Task objective -
Take the line that contains "DECAL UV 13 AND ACE OF SPADES BLACK 6X7 CM" and each line after it to the end of the material below, and return them exactly, minus the pictures.

Dataset excerpt -
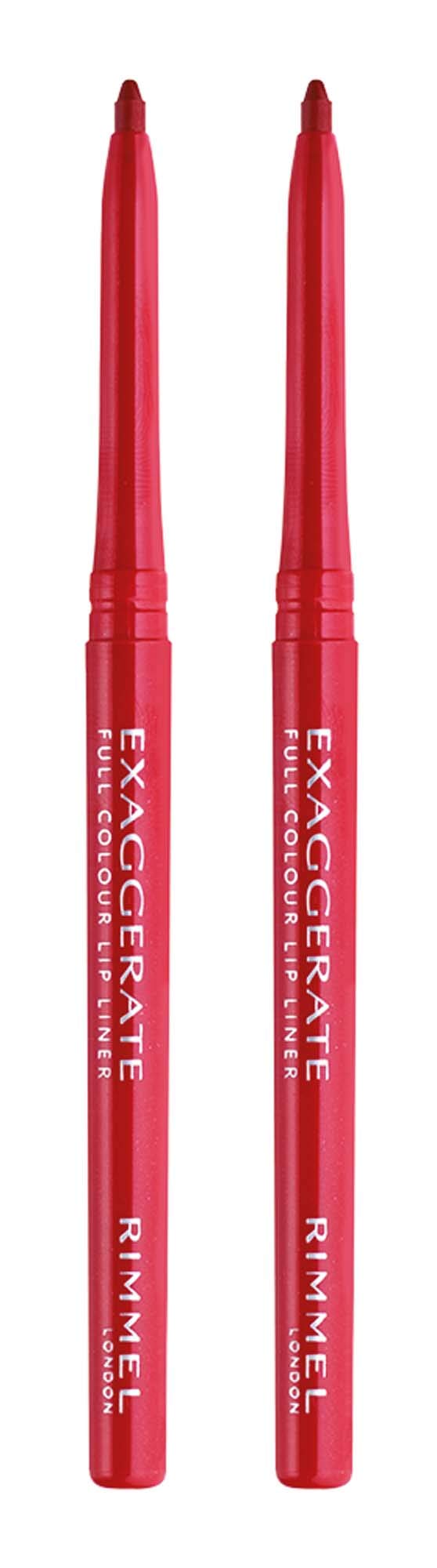 Rimmel Exaggerate Lip Liner Red Diva 2 Count front view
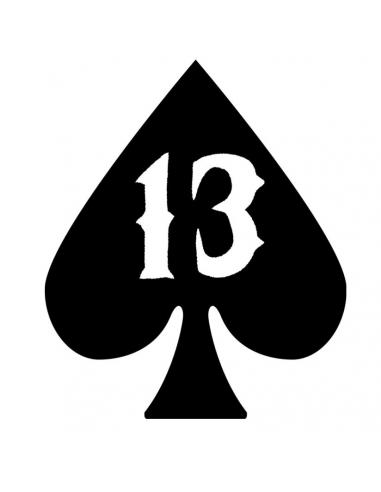 DECAL UV 13 AND ACE OF SPADES BLACK 6X7 CM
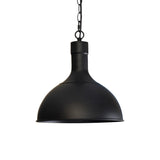 Vintage Style Aged Brass/Black Pendant Lighting For Balcony - Metal Dome Shade 1-Light Hanging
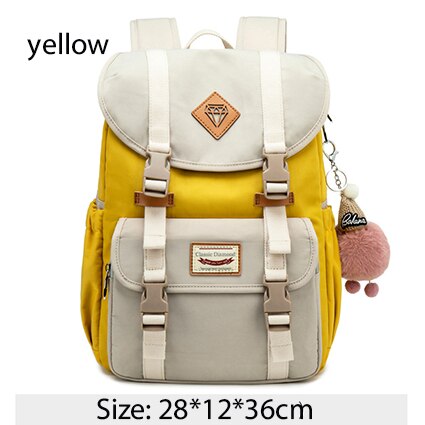 Nouveaux sacs à dos de Campus imperméables sacs d'école Junior pour adolescentes sac à dos étudiant enfants sac en Nylon concis sacoche pour ordinateur portable: Yellow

Response to the task -
 DECAL UV 13 AND ACE OF SPADES BLACK 6X7 CM
 Vintage Style Aged Brass/Black Pendant Lighting For Balcony - Metal Dome Shade 1-Light Hanging
 Nouveaux sacs à dos de Campus imperméables sacs d'école Junior pour adolescentes sac à dos étudiant enfants sac en Nylon concis sacoche pour ordinateur portable: Yellow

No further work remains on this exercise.